A eventual participação de militares é outro problema levantado pelo advogado paulista. “Eles já vêm ouvindo só um lado. Desde a criação deste projeto, no final de 2010, o José Genuíno (assessor do Ministério da Defesa) vem conversando apenas com os militares”, afirma. Ele reconhece a estratégia do governo em aprovar um projeto passível de consenso partidário, para não perder a oportunidade de aprovação de um organismo com funções tão delicadas no Brasil, mas critica a forma unilateral. “Vendo a situação da Argentina ou demais países do Conesul e do mundo, as Comissões da Verdade não começaram com este caráter punitivo”, disse a ministra.
“Comissão da vaga lembrança”
Um dos dispositivos do texto especifica que as atividades da comissão não terão caráter jurisdicional ou de perseguição, principal temor da cúpula militar, que não quer ver condenados agentes militares e das forças de segurança por crimes contra os direitos humanos.
Por esta razão, o advogado Aton Fon Filho atribui outro nome à futura Comissão da Verdade: “Comissão da Vaga Lembrança, das Meias Verdades e da Absoluta Injustiça”. “Não será possível encaminhar os casos descobertos pela comissão a um novo julgamento dos processos pelo Ministério Público Federal”, explica.
De acordo com o advogado, a decisão do Supremo Tribunal do Federal em não revisar a Lei de Anistia não fecha totalmente as possibilidades de punição dos autores de crimes durante o período de exceção. “Segundo o STF todos os crimes já estão anistiados no Brasil.

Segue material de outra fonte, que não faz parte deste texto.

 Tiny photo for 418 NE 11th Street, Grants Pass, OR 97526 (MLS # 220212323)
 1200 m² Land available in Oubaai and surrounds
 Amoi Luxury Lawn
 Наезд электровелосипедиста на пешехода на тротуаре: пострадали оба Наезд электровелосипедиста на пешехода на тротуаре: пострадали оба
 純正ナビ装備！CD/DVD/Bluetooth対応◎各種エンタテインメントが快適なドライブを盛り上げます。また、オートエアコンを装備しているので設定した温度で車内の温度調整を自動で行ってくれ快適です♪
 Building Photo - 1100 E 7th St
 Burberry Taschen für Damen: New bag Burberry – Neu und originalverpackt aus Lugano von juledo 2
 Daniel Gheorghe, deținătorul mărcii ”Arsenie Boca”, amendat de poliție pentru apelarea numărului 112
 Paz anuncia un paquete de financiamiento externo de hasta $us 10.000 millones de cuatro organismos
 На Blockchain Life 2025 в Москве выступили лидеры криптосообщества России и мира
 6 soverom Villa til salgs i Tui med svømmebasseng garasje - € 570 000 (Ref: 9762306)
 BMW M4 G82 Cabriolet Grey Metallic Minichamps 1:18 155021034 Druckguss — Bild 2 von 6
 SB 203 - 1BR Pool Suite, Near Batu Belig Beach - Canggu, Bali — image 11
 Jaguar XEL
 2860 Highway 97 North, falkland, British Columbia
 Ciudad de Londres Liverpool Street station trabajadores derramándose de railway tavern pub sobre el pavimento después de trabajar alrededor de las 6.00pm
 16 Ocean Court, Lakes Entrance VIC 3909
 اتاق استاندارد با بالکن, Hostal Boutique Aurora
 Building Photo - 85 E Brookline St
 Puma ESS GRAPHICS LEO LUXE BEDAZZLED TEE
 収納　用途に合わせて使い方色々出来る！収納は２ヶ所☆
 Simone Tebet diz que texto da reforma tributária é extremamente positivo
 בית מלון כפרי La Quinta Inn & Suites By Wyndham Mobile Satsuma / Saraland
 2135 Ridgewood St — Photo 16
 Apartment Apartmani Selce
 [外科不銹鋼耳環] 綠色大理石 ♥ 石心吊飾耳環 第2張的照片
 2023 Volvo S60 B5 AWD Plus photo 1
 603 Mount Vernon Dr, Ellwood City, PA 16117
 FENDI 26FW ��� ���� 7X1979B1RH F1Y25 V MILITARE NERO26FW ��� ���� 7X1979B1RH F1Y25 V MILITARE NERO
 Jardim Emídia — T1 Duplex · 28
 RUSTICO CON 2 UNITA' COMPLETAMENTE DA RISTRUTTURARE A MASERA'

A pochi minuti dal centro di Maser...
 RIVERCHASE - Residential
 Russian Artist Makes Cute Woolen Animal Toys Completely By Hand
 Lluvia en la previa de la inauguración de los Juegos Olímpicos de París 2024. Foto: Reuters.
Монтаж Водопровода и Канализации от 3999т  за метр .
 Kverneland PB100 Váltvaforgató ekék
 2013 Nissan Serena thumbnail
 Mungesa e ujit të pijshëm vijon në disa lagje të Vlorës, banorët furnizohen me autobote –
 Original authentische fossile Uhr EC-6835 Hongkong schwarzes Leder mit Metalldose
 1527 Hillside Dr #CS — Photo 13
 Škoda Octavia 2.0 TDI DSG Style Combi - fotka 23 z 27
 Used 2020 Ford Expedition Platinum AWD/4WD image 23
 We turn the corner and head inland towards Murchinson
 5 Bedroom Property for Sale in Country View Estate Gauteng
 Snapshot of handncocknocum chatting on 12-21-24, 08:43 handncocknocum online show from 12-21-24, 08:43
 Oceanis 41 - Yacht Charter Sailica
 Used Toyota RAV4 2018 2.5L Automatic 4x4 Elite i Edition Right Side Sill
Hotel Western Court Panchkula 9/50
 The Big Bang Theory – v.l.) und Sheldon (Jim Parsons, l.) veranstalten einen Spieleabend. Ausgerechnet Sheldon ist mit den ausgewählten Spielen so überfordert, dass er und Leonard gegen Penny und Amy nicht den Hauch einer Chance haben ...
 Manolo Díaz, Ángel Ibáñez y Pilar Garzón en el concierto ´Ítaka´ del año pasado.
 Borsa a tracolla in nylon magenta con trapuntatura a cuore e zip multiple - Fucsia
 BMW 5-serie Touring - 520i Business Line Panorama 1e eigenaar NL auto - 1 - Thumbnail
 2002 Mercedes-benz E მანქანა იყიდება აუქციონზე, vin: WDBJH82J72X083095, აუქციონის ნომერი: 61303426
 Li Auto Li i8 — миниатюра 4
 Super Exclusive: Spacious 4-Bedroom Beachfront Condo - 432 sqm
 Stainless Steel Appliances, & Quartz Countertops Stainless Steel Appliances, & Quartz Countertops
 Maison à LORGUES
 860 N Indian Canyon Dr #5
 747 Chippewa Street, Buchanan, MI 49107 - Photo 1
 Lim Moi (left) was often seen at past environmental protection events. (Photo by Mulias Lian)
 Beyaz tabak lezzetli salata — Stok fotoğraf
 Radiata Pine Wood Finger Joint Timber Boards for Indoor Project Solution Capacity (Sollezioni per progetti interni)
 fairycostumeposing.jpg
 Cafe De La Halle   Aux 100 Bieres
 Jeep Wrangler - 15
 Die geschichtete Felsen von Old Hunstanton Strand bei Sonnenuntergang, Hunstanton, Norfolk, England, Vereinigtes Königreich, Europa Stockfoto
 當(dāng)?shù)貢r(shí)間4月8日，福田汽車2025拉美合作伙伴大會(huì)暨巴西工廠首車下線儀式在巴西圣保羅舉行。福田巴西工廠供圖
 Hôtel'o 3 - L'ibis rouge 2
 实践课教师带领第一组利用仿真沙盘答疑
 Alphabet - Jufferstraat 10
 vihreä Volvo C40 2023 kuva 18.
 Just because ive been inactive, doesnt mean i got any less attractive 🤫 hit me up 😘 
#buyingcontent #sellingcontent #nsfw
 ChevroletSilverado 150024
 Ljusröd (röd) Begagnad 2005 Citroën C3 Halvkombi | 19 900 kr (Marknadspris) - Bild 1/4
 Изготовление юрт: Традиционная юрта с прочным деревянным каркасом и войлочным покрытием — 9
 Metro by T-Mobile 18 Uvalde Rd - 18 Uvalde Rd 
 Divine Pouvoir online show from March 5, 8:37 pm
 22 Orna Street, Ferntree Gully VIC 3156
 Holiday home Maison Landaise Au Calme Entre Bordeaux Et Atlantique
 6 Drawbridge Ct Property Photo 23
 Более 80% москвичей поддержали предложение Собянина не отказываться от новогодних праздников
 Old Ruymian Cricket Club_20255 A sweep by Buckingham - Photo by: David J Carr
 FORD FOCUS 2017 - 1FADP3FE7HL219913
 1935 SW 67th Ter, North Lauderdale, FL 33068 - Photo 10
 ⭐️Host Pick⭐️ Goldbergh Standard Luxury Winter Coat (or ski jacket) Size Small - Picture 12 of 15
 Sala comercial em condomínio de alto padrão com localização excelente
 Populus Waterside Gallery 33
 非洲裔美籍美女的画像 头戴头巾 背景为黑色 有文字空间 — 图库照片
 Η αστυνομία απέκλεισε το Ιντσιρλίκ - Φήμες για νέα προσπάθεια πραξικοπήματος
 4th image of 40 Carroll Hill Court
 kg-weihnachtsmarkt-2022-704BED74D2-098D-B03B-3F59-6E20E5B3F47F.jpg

Isto não é verdade. Os crimes ditos permanentes, como desaparecimentos, ocultação de cadáver e sequestros ainda não têm resposta, portanto, seguem acontecendo”, afirma. A mesma interpretação permitiria seguir processando os crimes de supressão de documentos. “Eles dizem que não existem mais arquivos deste período, então, também é um crime permanente”, qualifica.
O jornalista Pedro Pomar alerta que divulgar os fatos ocorridos no período não será algo inédito. “No caso do meu avô, Pedro Ventura de Araújo Pomar, ex-deputado federal, que foi assassinado pelo Exército, e também de meu pai, Wladimir Pomar, que foi preso e torturado no mesmo episódio, foi possível identificar a responsabilidade do Estado brasileiro e apontar alguns dos agentes militares e civis envolvidos no crime. Mas é preciso que esses autores materiais do assassinato de meu avô sejam processados na forma da lei e punidos”, defende.
“O que ocorreu nesta quarta em Brasília já ocorreu em 1979 quando aprovaram a Lei de Anistia, a com a única diferença, que naquela época, Teotônio Vilela fez muito mais espetáculo. Os resultados das duas leis ainda não refletem o necessário e sim, mais uma vez, apenas o politicamente possível”, completa Aton Fon Filho.